Thursday, 29 November 2012

I’m confused… what profile type should I use?

I’m often asked what user profile I recommend using within a Virtual Desktop Infrastructure (VDI) or XenApp environment from an AppSense perspective. Over the past few years there have been several different recommendations and the purpose of this post is to share my thoughts.
Before making a statement I’ll summarize the various profile types:
Local Profile – Classic user profile stored on the local device only. User settings do not roam with the user between devices and if the users device fails the users profile is lost.
Roaming Profile – User profile which is synchronised between the local machine and the network at logon and logoff events. User settings roam with the user between devices (using the same profile types). Remember that if a user who uses a roaming profile logs onto a V1 machine (Windows XP and Windows Server 2003) and then logs onto a V2 machine (Windows Vista and above) they will have two roaming profiles within their profile path. One will read USERNAME and the other USERNAME.V2.

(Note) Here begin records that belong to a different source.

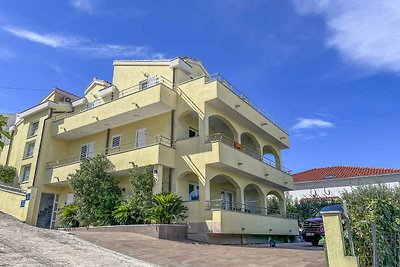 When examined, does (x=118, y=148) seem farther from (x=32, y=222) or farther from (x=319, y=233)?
(x=319, y=233)

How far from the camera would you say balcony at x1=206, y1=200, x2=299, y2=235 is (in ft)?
59.6

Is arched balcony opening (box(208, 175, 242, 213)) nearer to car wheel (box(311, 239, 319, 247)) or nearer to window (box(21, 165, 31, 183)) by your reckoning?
car wheel (box(311, 239, 319, 247))

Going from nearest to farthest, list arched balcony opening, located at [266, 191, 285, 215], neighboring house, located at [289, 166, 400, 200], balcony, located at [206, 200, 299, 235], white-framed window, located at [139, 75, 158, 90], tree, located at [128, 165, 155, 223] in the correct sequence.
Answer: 1. balcony, located at [206, 200, 299, 235]
2. tree, located at [128, 165, 155, 223]
3. white-framed window, located at [139, 75, 158, 90]
4. arched balcony opening, located at [266, 191, 285, 215]
5. neighboring house, located at [289, 166, 400, 200]

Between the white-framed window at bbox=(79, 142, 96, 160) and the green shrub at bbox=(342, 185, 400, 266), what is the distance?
2277 cm

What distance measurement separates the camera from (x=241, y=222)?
65.1 feet

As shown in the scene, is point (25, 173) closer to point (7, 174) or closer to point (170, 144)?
point (7, 174)

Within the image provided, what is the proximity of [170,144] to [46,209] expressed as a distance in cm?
1456

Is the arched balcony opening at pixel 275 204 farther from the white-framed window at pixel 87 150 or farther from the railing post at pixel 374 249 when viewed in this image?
the railing post at pixel 374 249

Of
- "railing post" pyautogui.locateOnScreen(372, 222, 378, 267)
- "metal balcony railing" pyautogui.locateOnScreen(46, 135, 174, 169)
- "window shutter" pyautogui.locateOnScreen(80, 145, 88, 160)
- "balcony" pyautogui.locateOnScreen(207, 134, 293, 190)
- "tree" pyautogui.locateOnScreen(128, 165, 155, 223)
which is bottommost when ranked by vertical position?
"railing post" pyautogui.locateOnScreen(372, 222, 378, 267)

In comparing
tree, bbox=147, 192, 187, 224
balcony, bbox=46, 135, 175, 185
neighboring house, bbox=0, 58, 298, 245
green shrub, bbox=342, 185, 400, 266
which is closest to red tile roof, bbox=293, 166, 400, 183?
neighboring house, bbox=0, 58, 298, 245

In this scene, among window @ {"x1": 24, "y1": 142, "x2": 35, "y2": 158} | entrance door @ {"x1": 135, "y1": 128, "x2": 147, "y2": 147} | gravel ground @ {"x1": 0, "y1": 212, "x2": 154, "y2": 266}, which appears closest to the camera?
gravel ground @ {"x1": 0, "y1": 212, "x2": 154, "y2": 266}

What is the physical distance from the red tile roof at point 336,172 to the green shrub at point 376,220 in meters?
35.0

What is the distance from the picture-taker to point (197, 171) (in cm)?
1962

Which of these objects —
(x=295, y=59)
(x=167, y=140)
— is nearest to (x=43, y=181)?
(x=167, y=140) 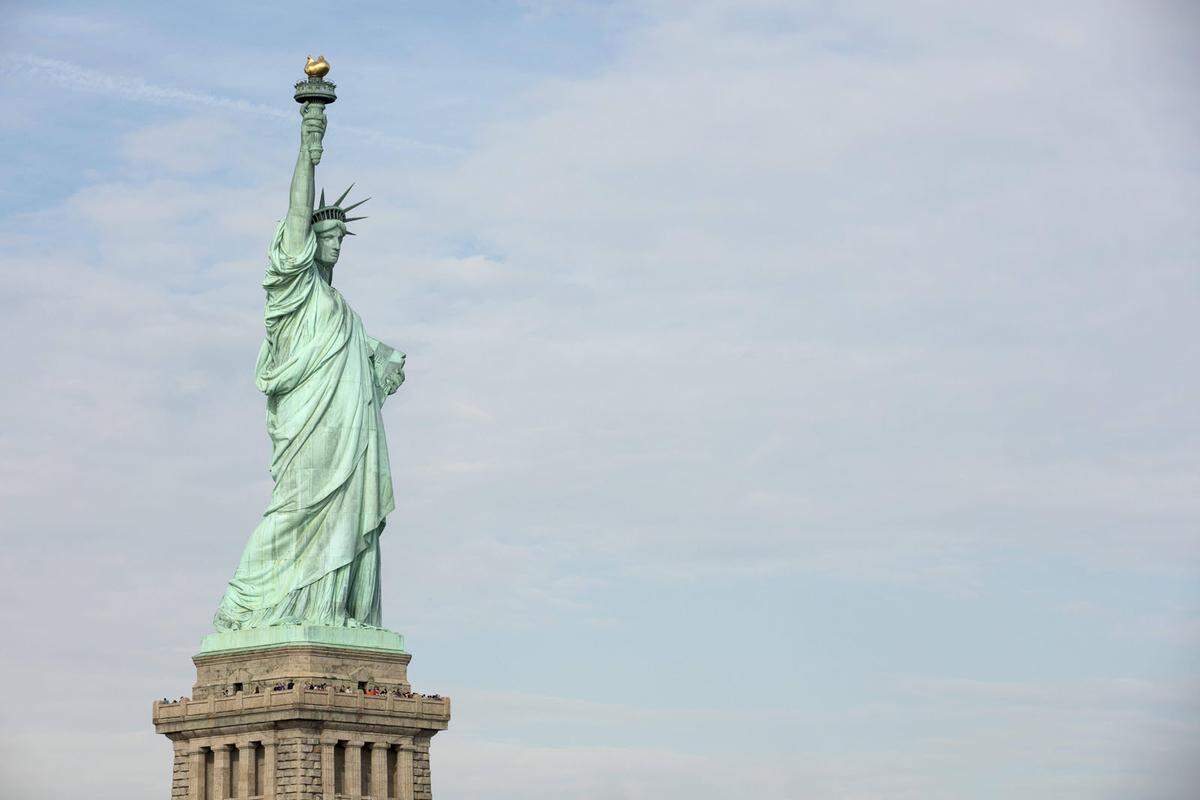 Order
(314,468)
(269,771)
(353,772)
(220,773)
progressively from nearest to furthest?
(269,771)
(353,772)
(220,773)
(314,468)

Mandatory Profile – A lightweight read only profile which has generally been customised for the environment it will be used in. Users are able to make changes during the session but as soon as they click logoff the changes are discarded and the profile is cleared from the device.
Now before making any recommendations on profile types its important to understand what AppSense Environment Manager and particularly the personalization element does. Essentially the personalization component of Environment Manager captures end users registry and folder writes and saves these to a database. These can then be reloaded on to any machine provided the settings are compatible with the operating system.
So coming back to the original question about what profiles are best from an AppSense perspective really depends on the environment and what you are looking to achieve. I personally recommend the following profile strategies:
  • Mandatory profile within a XenApp of Remote Desktop Services environment.
  • Local profile within a VDI (persistent and non-persistent) deployment.
  • Local profile within a laptop / desktop estate.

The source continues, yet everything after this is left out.